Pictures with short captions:
-=-=-=-=-

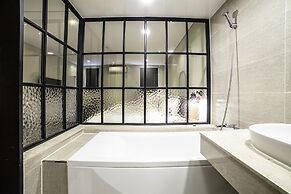Hotel Stay 53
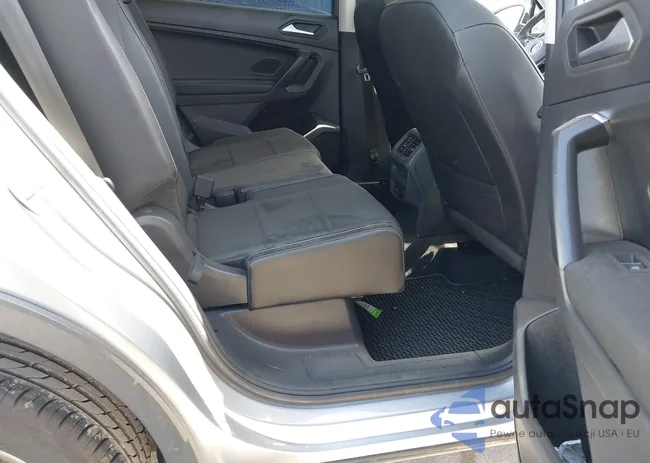 3VV3B7AX2MM013607: 41817761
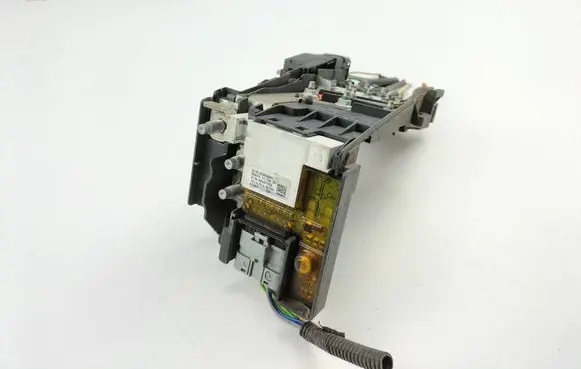 Peugeot 308 Fuse module 28236841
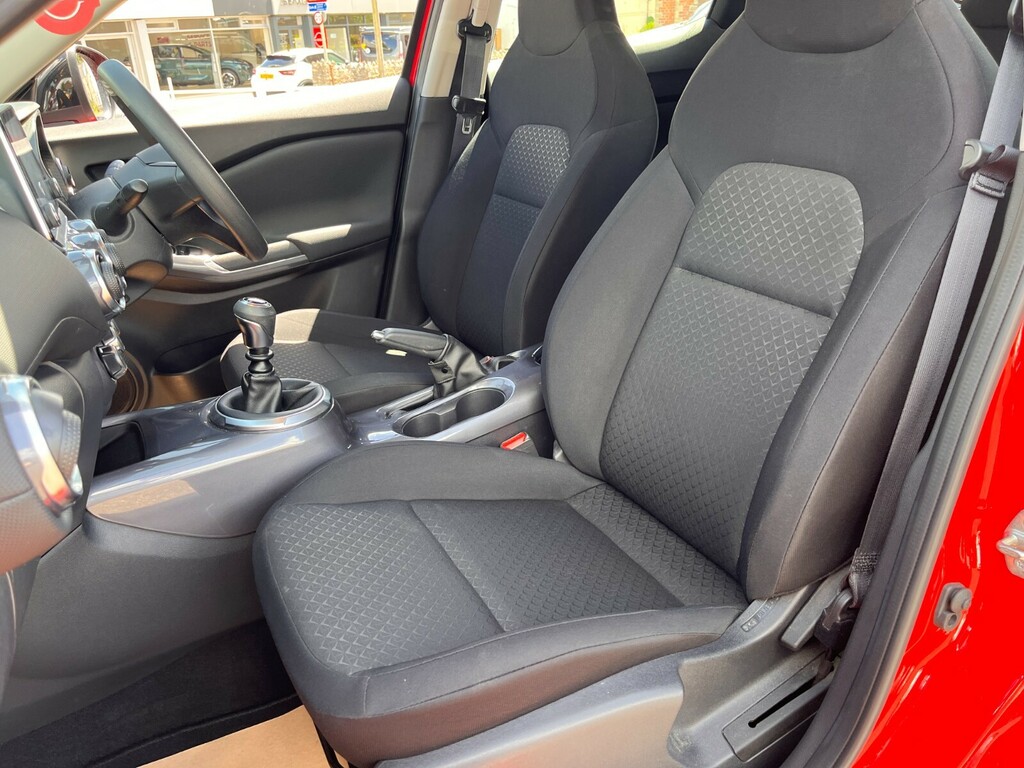 Nissan Juke Hatchback Brown #30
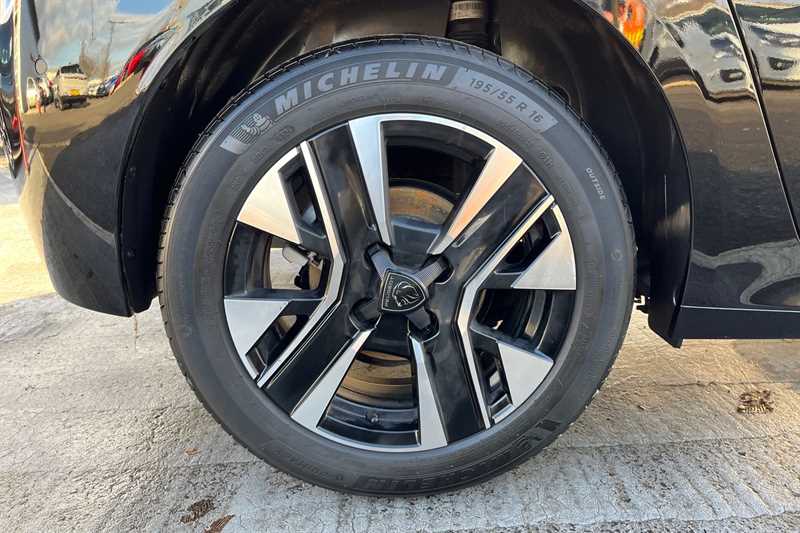 Used Peugeot 208 2025 for sale - 76889035: Photo 9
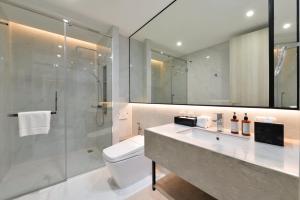 Phòng Hai Giường Đơn Loại Sang (Deluxe Twin Room)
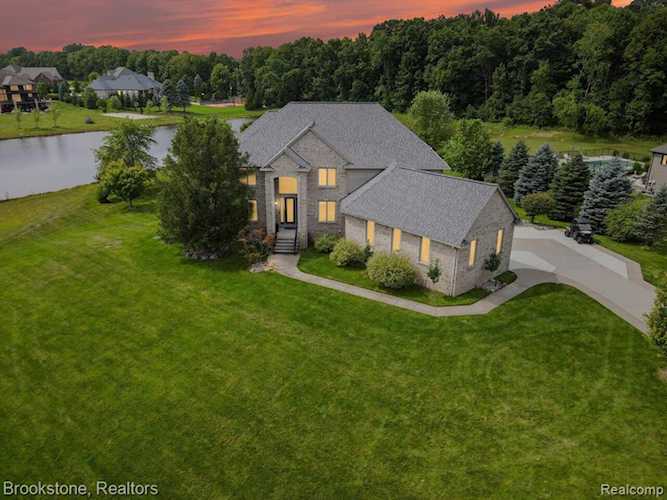 19405 Windmill Dr Ray, MI 48096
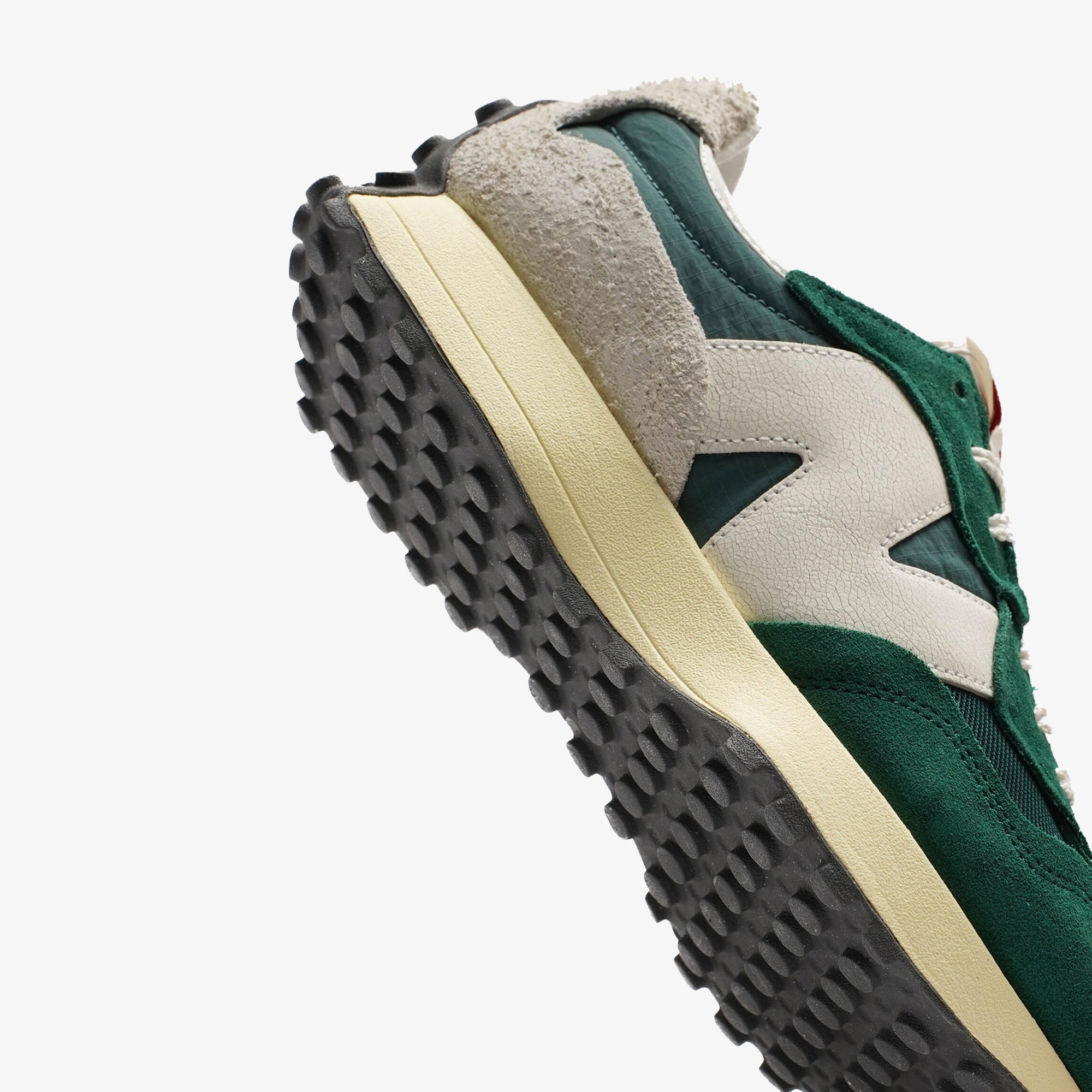 New Balance | 327 { MARSH GREEN - view 5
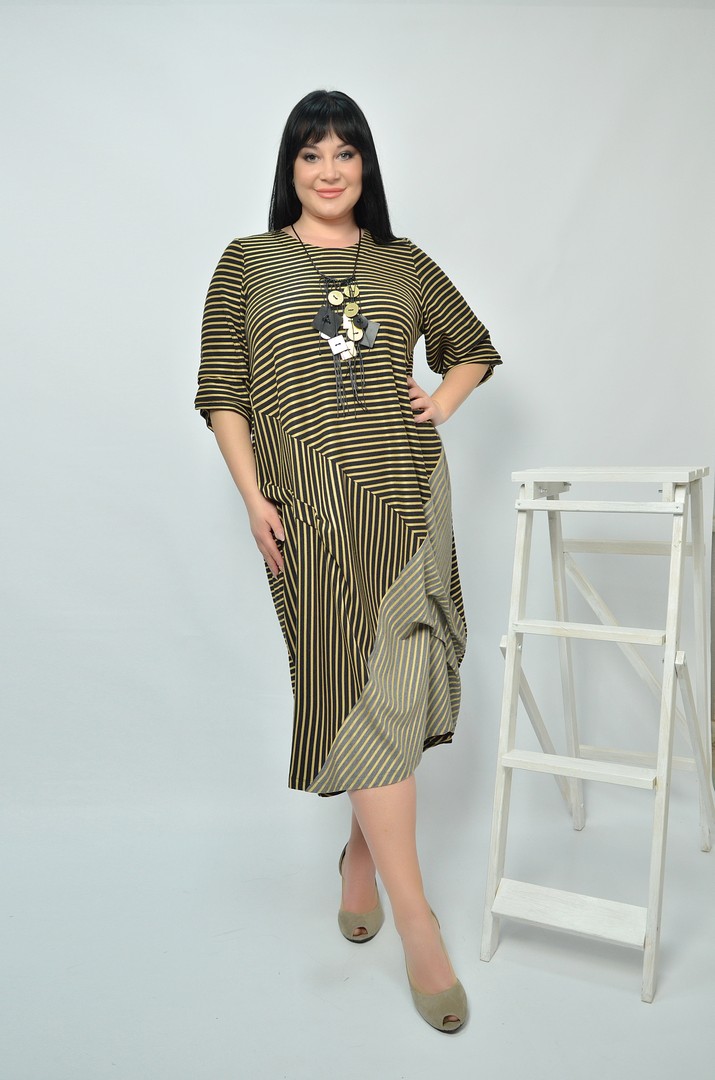 Сукня з прикрасою батал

-=-=-=-=-

Exercise requirements:
Copy out every entry above exactly. Leave the pictures out.

Exercise solution:
Hotel Stay 53
 3VV3B7AX2MM013607: 41817761
 Peugeot 308 Fuse module 28236841
 Nissan Juke Hatchback Brown #30
 Used Peugeot 208 2025 for sale - 76889035: Photo 9
 Phòng Hai Giường Đơn Loại Sang (Deluxe Twin Room)
 19405 Windmill Dr Ray, MI 48096
 New Balance | 327 { MARSH GREEN - view 5
 Сукня з прикрасою батал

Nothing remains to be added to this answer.